Ve sorsan endişeye mahal yoktu; “müttefikleri padişahı” koruyordu, kendilerine hoşgörü ve misafirperverlik gösterilmeliydi!
Dünkü yandaş gazetelerde Lice kepazeliğine karşı “Öcalan’ın bayrak hassasiyeti”nden dem vurulması misali, o gün de iktidar sahipleri “müttefiklerinin milli izzetinefsimizi incitmemek” konusundaki duyarlılıklarına dair masallar anlatıyordu.
Sonuç:
Kimi milletvekilleri tutuklandı, sürgüne yollandı, kiminin evden çıkması yasaklandı.
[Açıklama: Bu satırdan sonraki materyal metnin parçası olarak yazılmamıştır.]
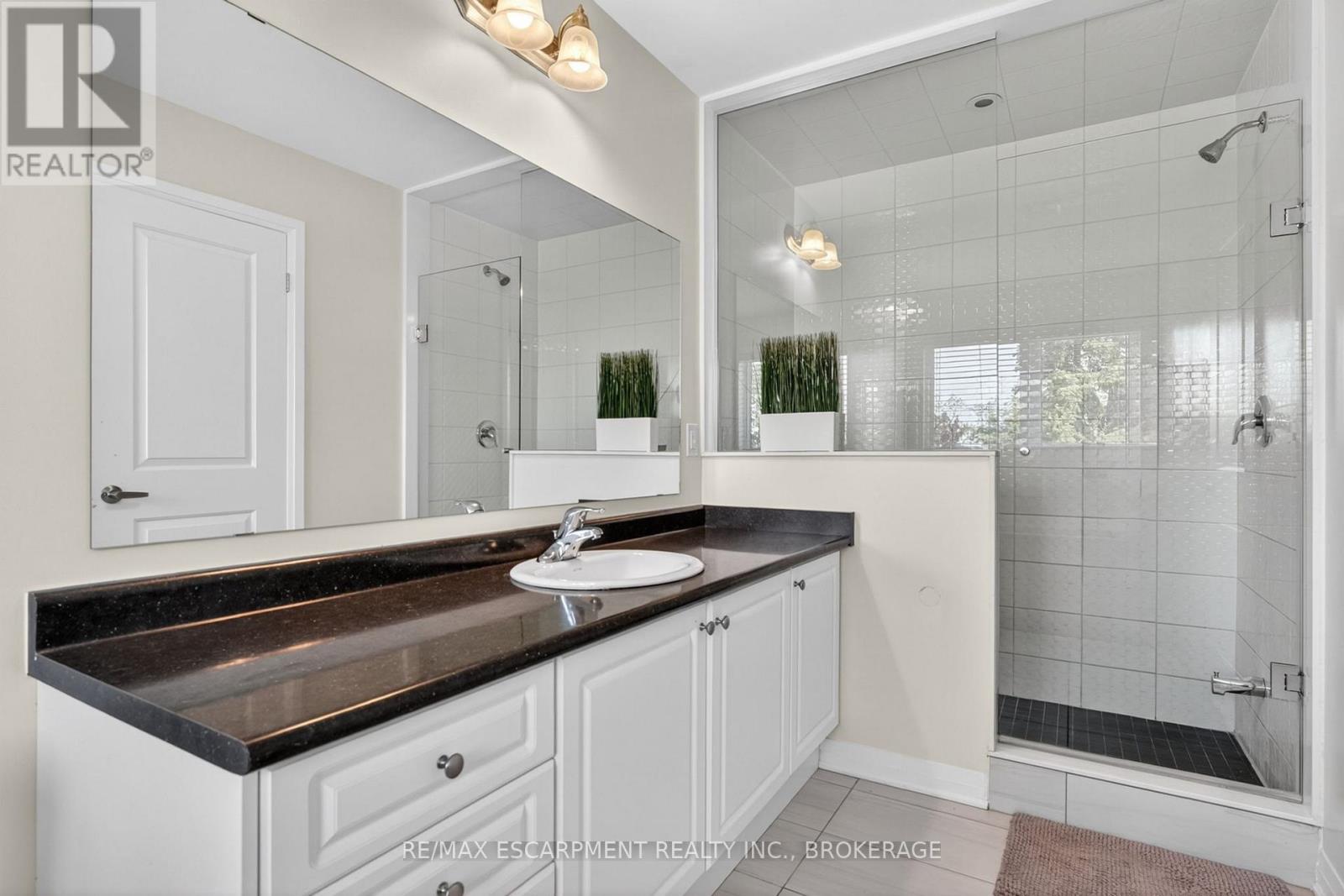 4071 Fracchioni Drive, Lincoln, Ontario  L3J 0R5 - Photo 19 - X13236628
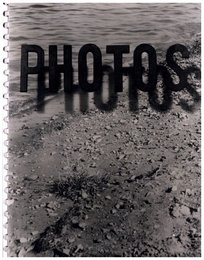 PHOTOS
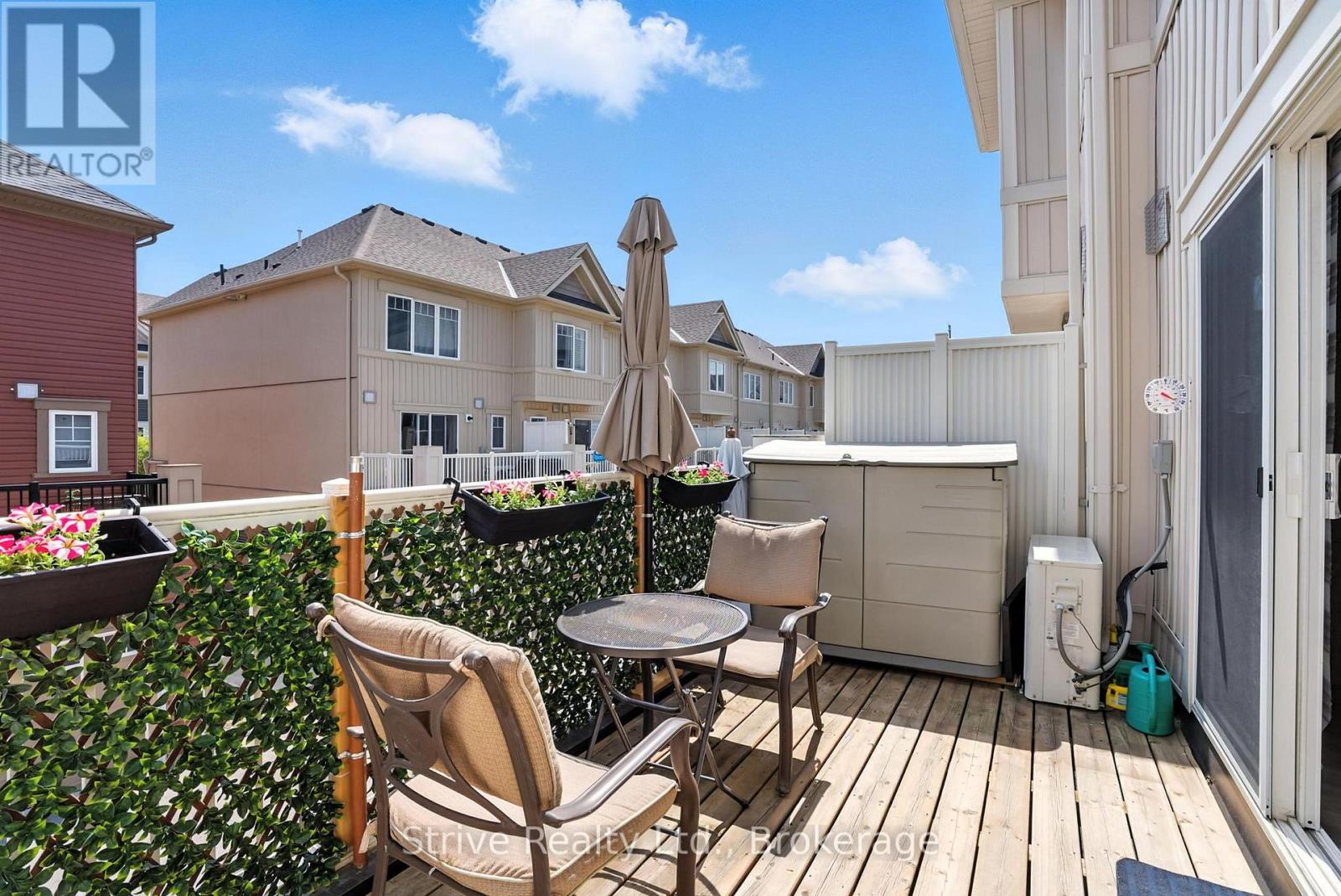 #68 2500 HILL RISE COURT - 14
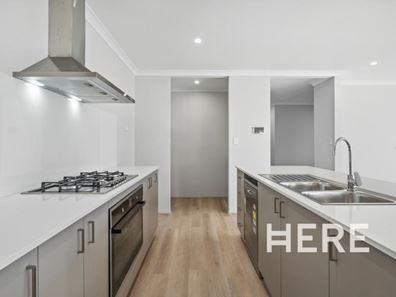 43 Aduro Street, Eglinton WA 6034
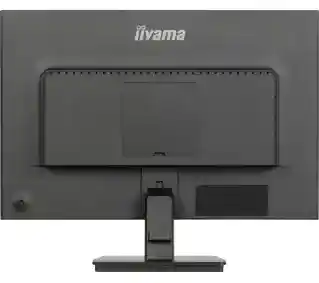 Iiyama ProLite XU2495WSU-B7 24 Full HD IPS 75Hz 4ms Monitor LED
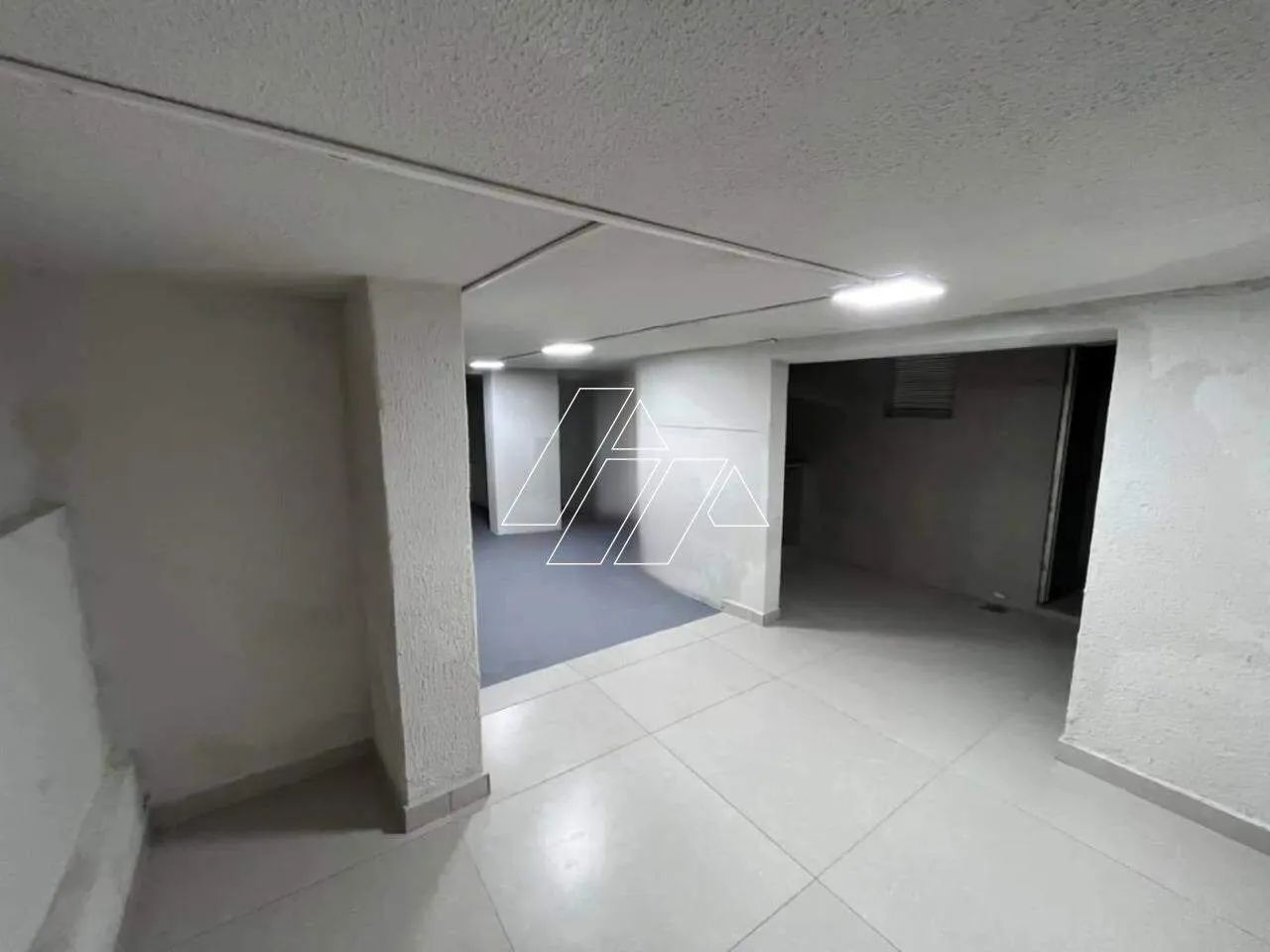 Salão Comercial  100 m²  Locação  Centro  Marília/SP - Foto 5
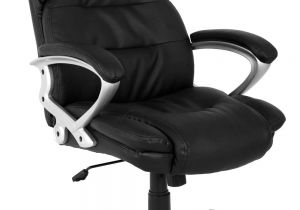Cloth Covered Computer Chairs Amazon Com Modern Gaming Office Computer Chair High Back Executive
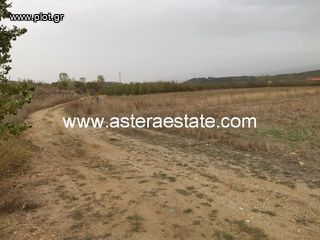 Αγροτεμάχια 4.879 τ.μ. για πώληση, Περ. Blagoevgrad-thumb-2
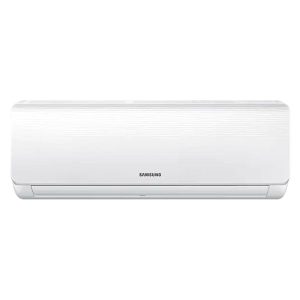 Samsung | Split  Air Conditioners | AR12TRHQKWK | 1.0 Ton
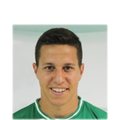 Foto de José Fran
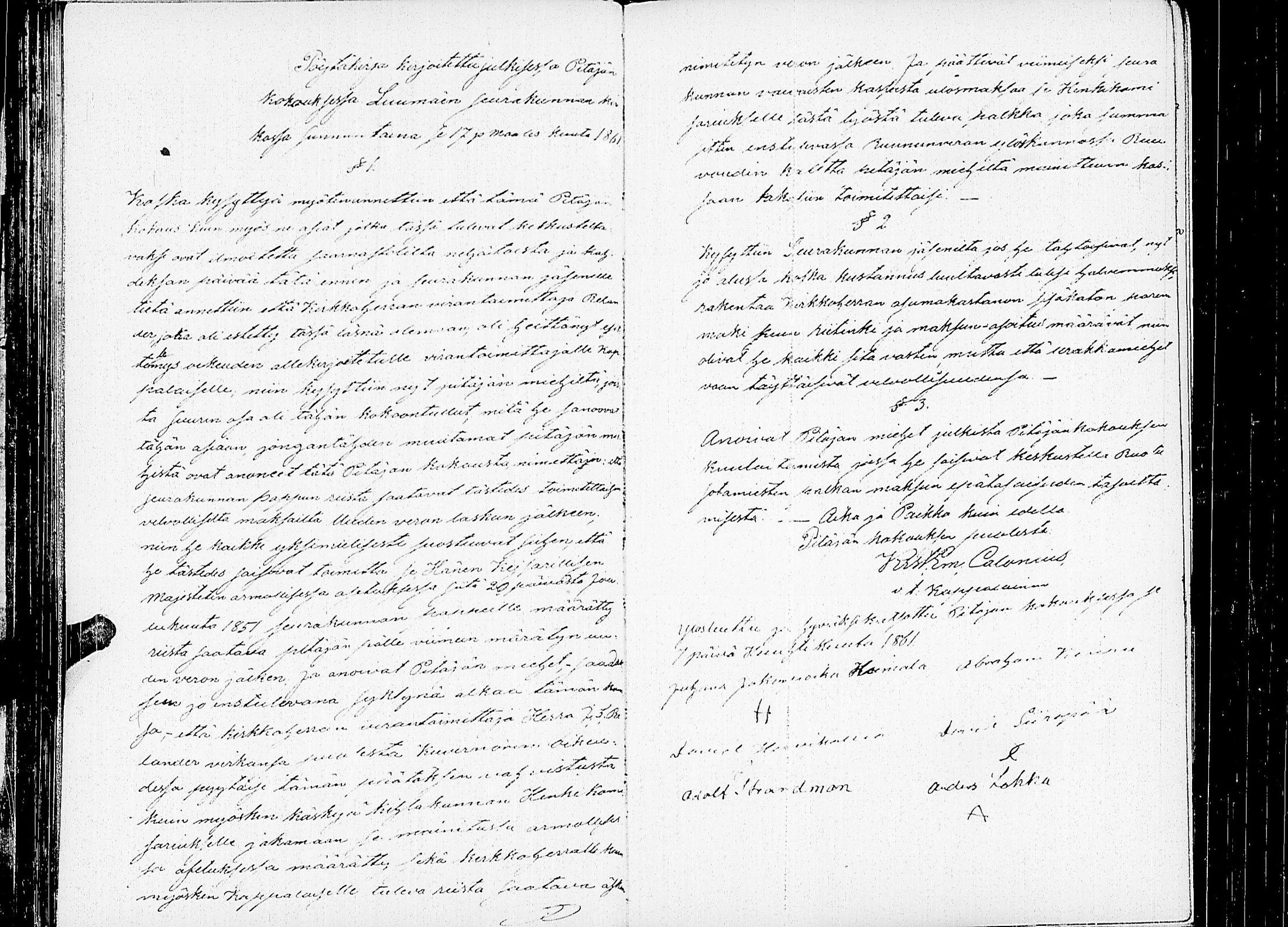 [ ../kirjat/Kirkonkirjat/luumaki/pitajankokouksia_1853-1867_uk886/kuvat/123.jpg ]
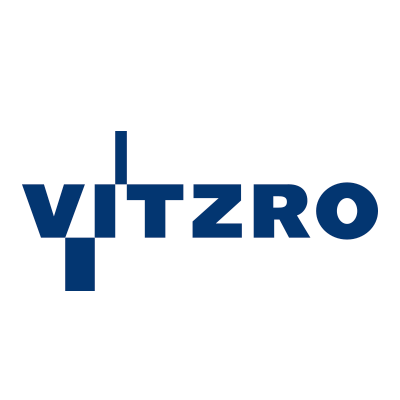 Vitzro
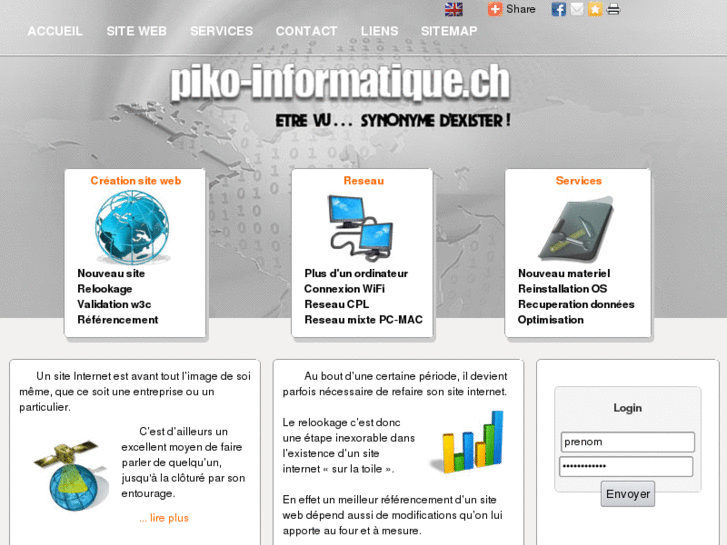 www.piko-informatique.ch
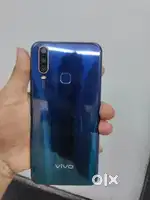 R world mobile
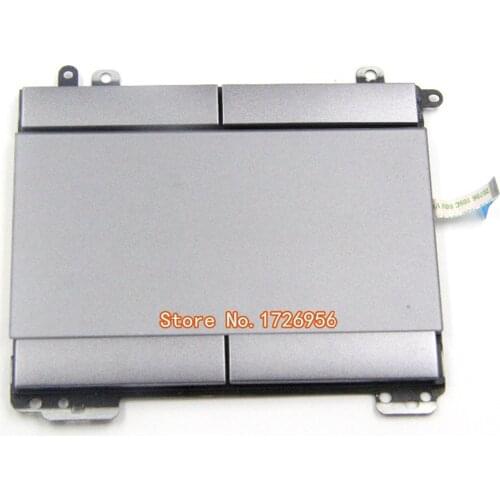 FOR HP EliteBook 820 G1 G2 825 G1 G2 720 G1 G2 725 G1 G2 touchpad left and right keypad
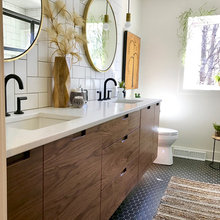 Mid Century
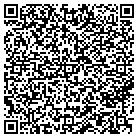 QR code with East Lake City Holiness Church contacts
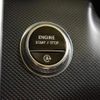 mercedes-benz c-class 2022 quick_quick_3CA-206214C_W1K2062142F031150 image 5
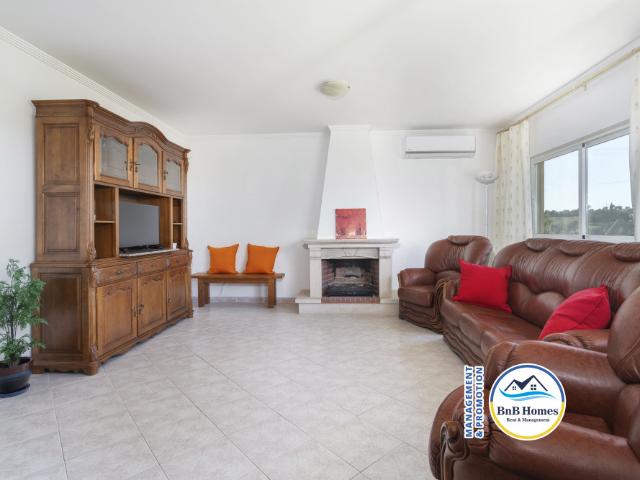 Apartamento alugar em Albufeira e Olhos de Água, Albufeira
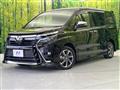 2018 Toyota Voxy
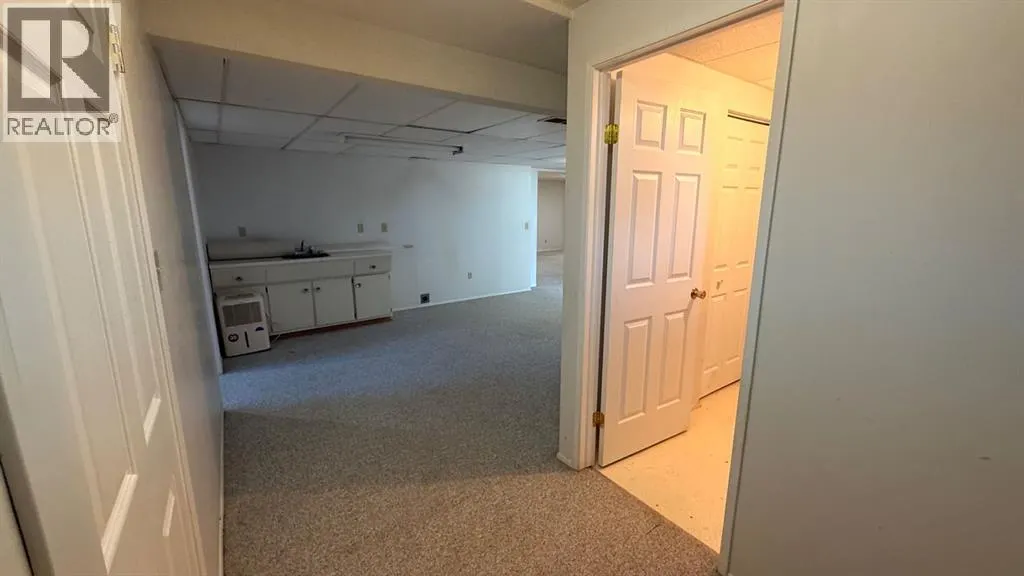 316 Nill Place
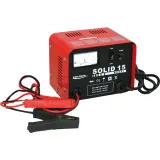 prostownik-ladowarka-12-24-v-moc-110-w-6-a-weldman-solid-15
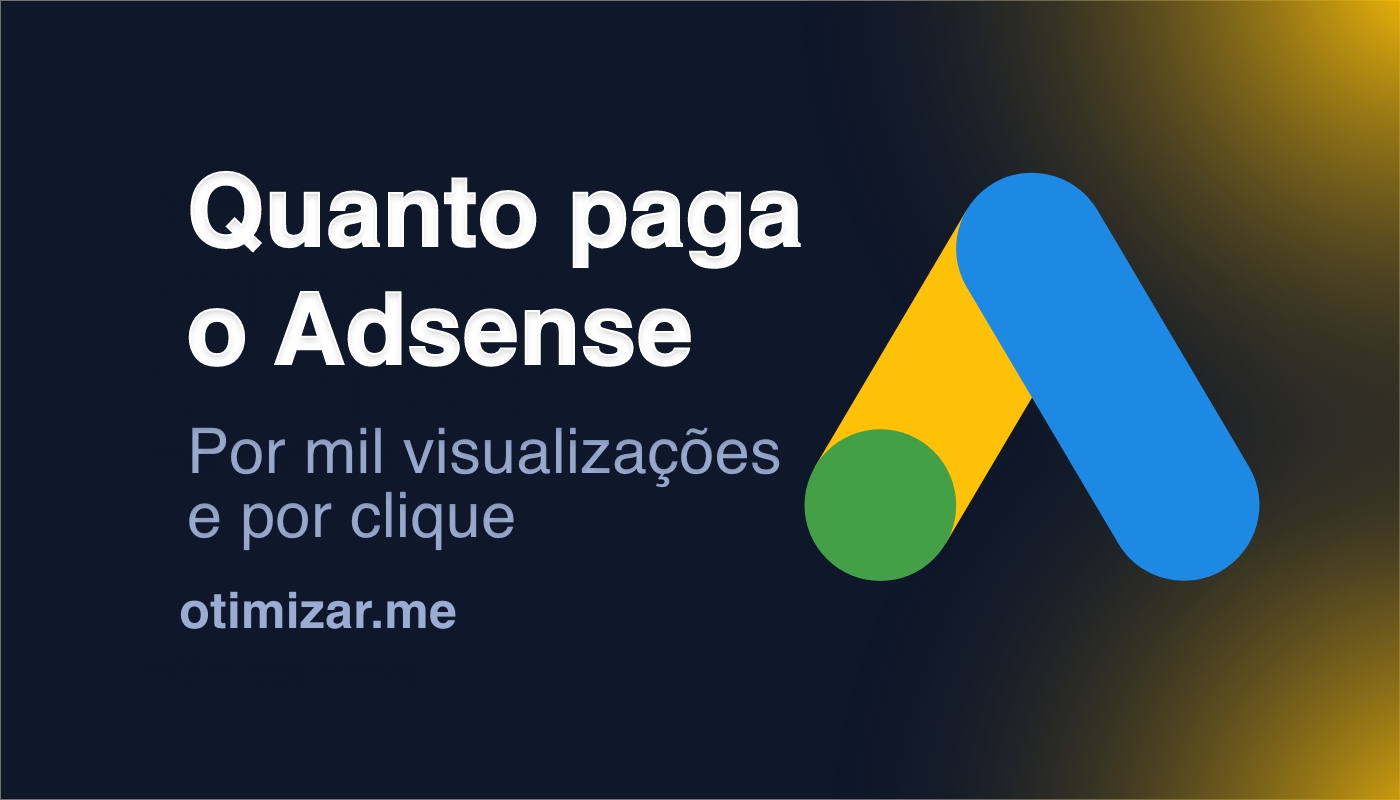 AdSense: as Principais Palavras-Chave e Melhores Nichos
Milliyetçi paşalar, genç subaylar, gazeteciler, aydınlar -haklarında hiçbir suç delili olmaksızın- kelepçelenip hapse atılırken, hapishanelerde bulunan “müttefik uyruklular” salıverildi.
Türkler öz vatanlarında “resmen” tutsaktı; boyunları bükük, ezik, sinik...
Kadınlar, kızlar tecavüze
uğradı; kocaları, oğulları “faili meçhul”!
“Devlet” buharlaşmış gibiydi, ismi var cismi kayıp...
Anadolu “uyanmasın” diye telgrafhaneler zapt edildi.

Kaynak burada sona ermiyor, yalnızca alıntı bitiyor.